Alcuni studi suggeriscono che il taskmasking non sia solo un segnale di pigrizia, ma una reazione a un modello lavorativo che impone ritmi insostenibili senza un adeguato riconoscimento economico o di benessere. In questo senso, il fenomeno può essere interpretato come una forma di resistenza passiva alle dinamiche dell'eccessiva sorveglianza aziendale.

Se da un lato il taskmasking può essere visto come una strategia di autodifesa dai ritmi lavorativi sempre più pressanti, dall'altro rischia di diventare un pericoloso boomerang. In un mercato già provato dalla precarietà e dall'ipercompetizione, fingere di lavorare può portare a una perdita di fiducia reciproca tra aziende e lavoratori, incentivando nuove misure di controllo e riducendo le opportunità di crescita professionale.
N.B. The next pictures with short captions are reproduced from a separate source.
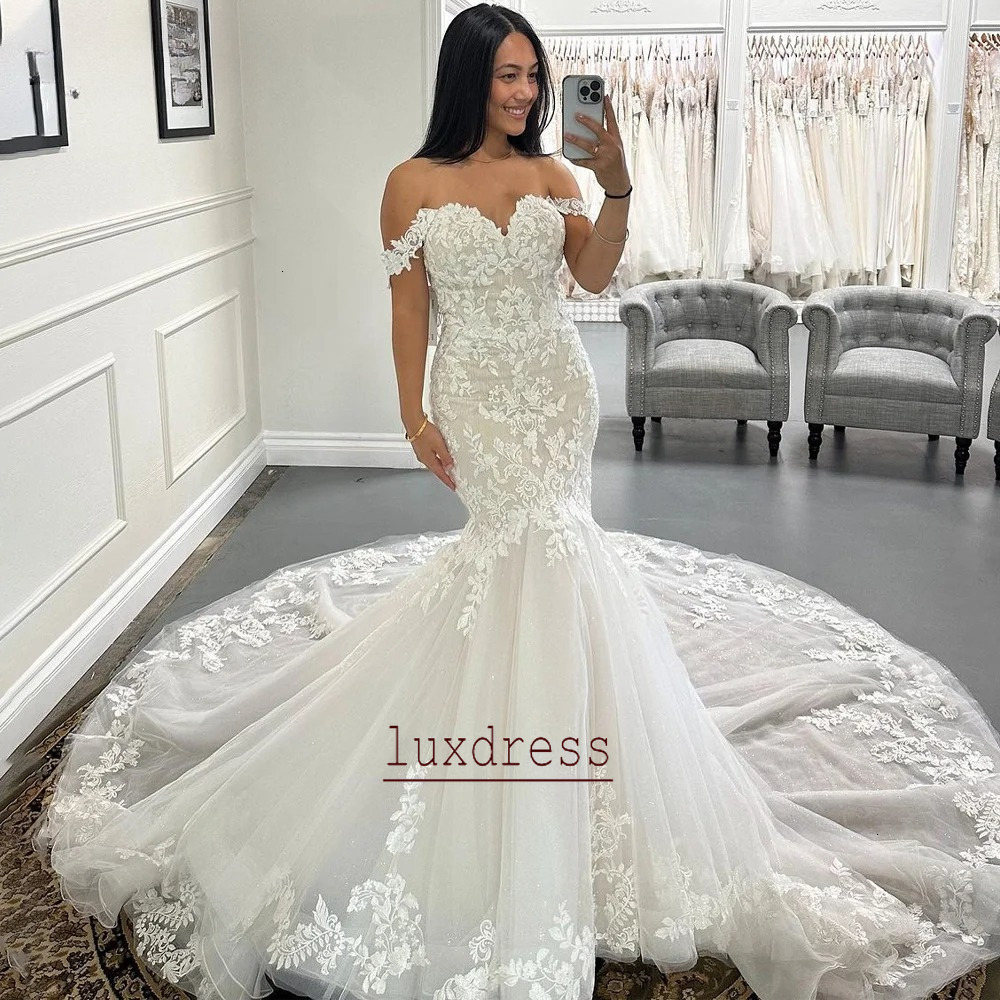 Elegant Lace Mermaid Wedding Dresses Off the Shoulder Backless Appliqued Long Train Draped Bridal Gowns Vestido de Novia Customized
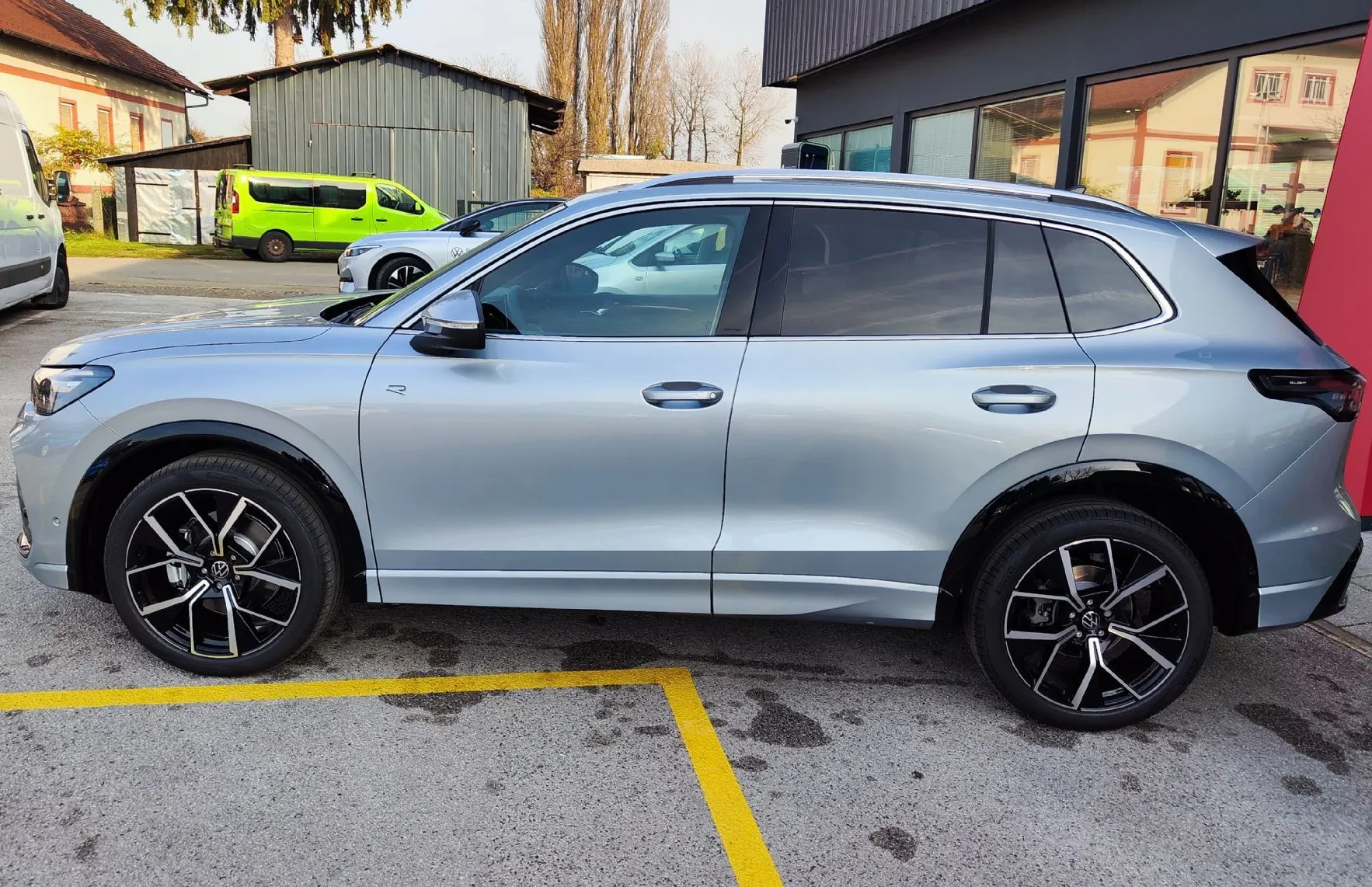 Zunanja slika - Volkswagen Tiguan - 2.0 TDI DSG 4JOY 110kW - 4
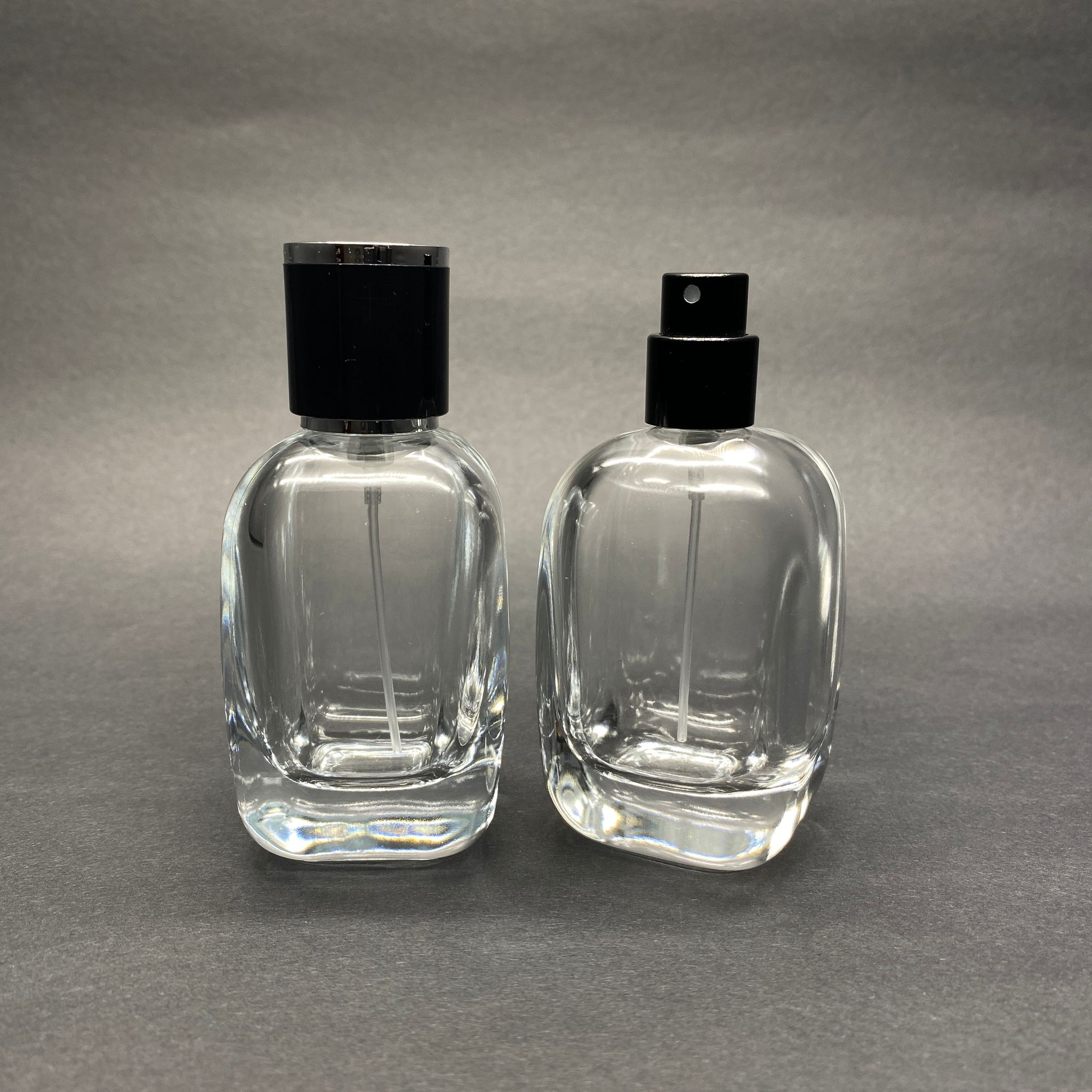 50 Ml Oval Kare Model Core Parfüm Şişesi - Siyah Metal Spreyli + Gümüş Siyah Kapaklı (Ağız 15 Mm Geçme Kolay Kapama)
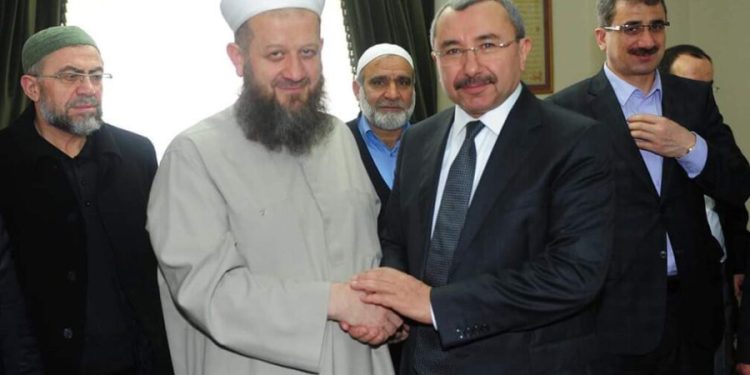 AKP’li Başkan, Yusuf Ziya Gümüşel’i makamında ağırlamış!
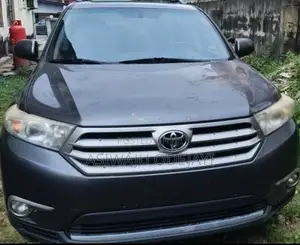 Toyota Highlander SE 2011 Gray
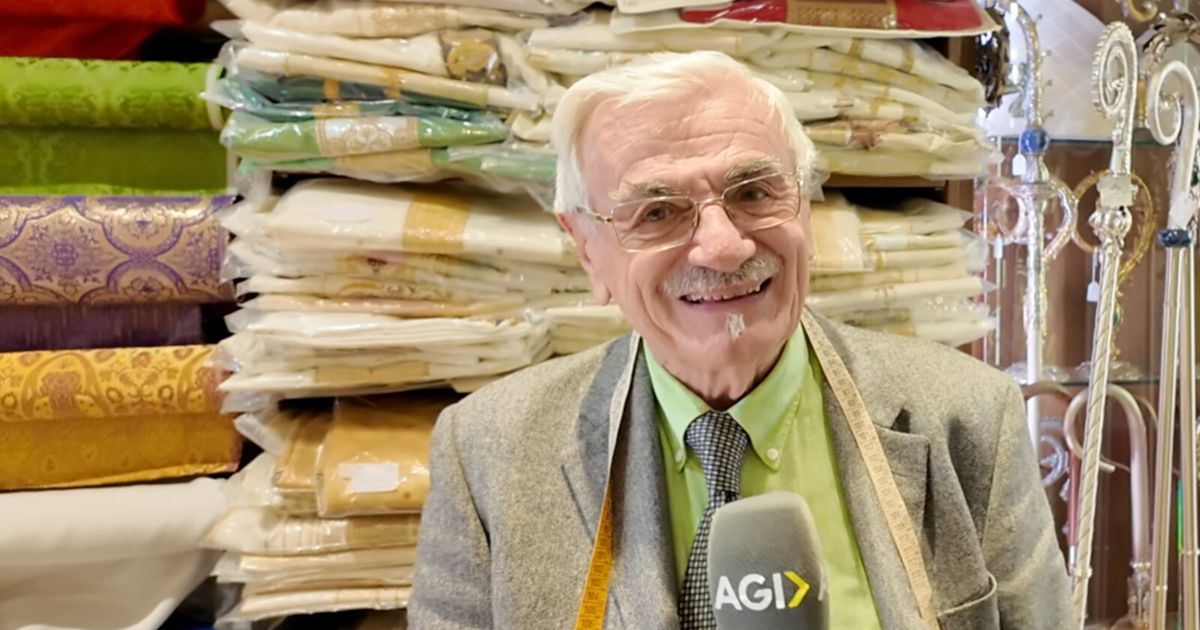 mancinelli l uomo che veste i papi ho già consegnato gli abiti 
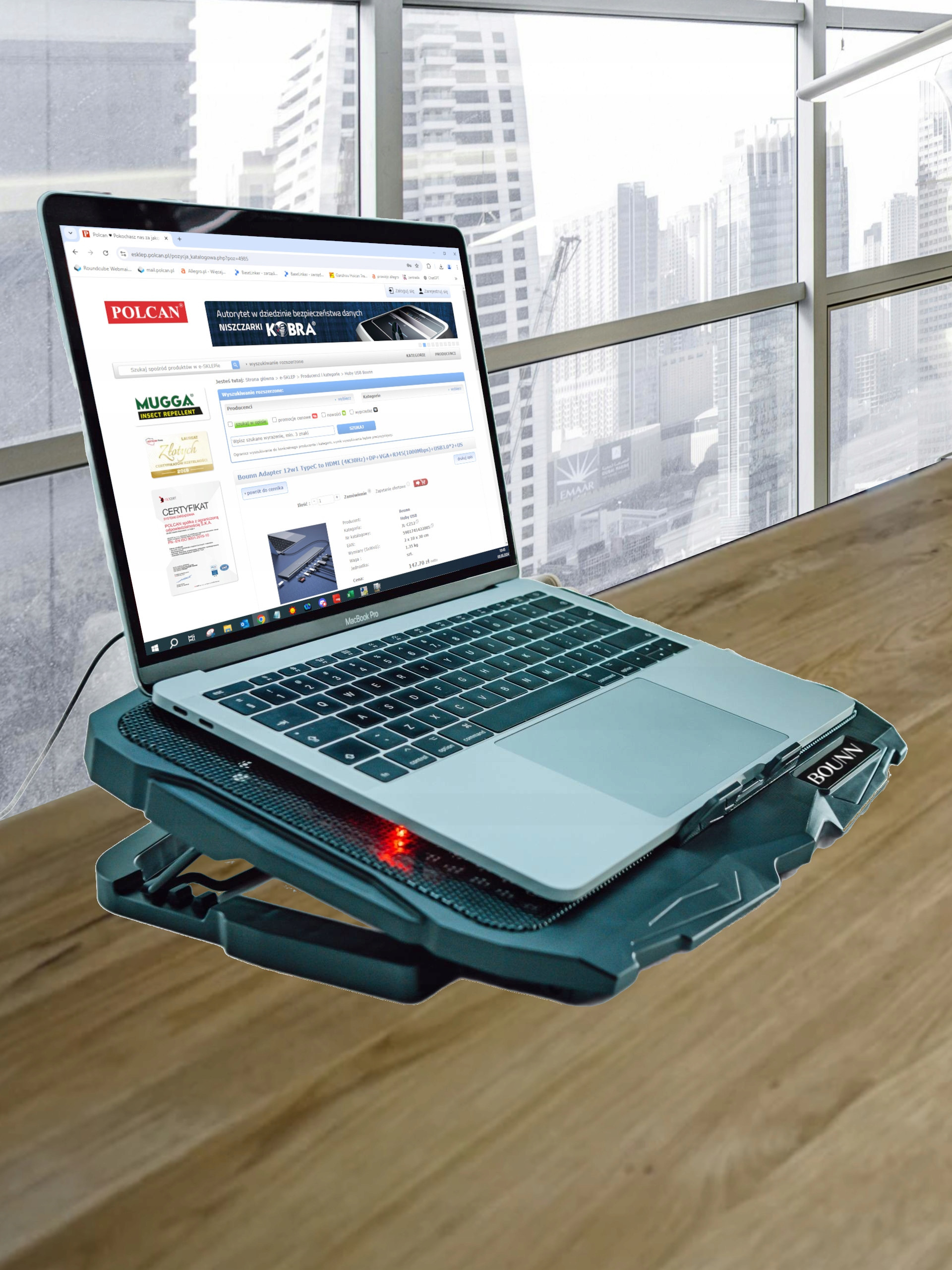 Design zapobiegający osuwaniu się laptopa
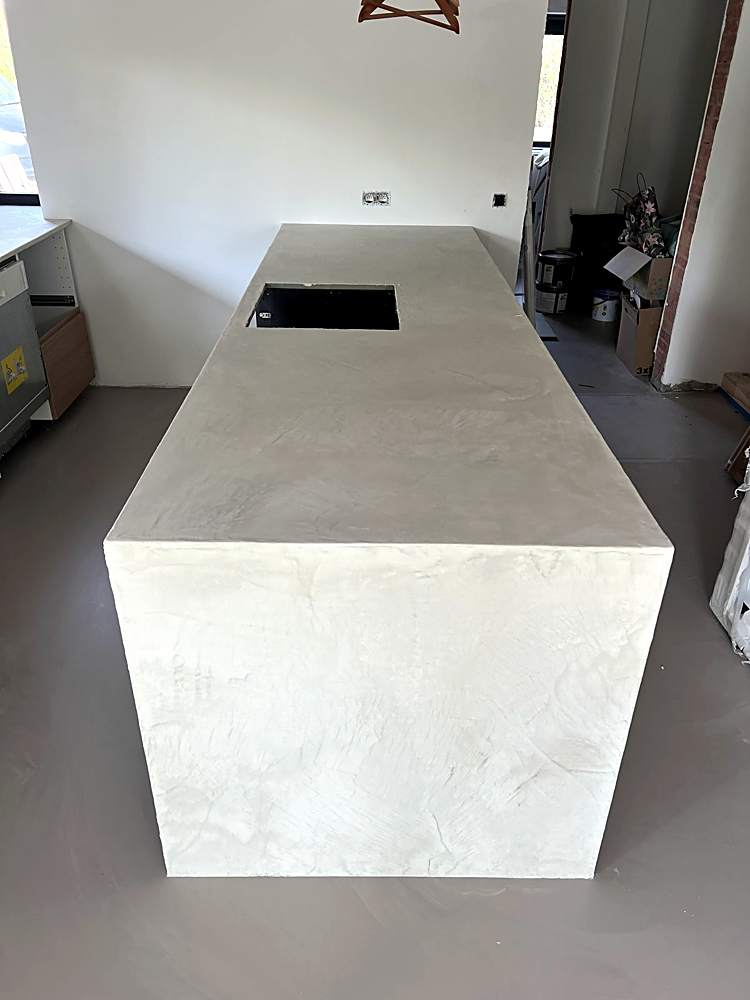 Keukeneiland volledig afgewerkt in Mortex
L'equilibrio tra produttività e benessere lavorativo è un tema sempre più centrale. La sfida per le aziende italiane sarà quella di riconoscere le cause di questa tendenza e affrontarle in modo costruttivo, evitando di cadere nella trappola della mera repressione. D'altro canto, per i lavoratori, sarà importante trovare modi più sostenibili per gestire lo stress lavorativo senza cadere in meccanismi che, a lungo termine, potrebbero risultare controproducenti.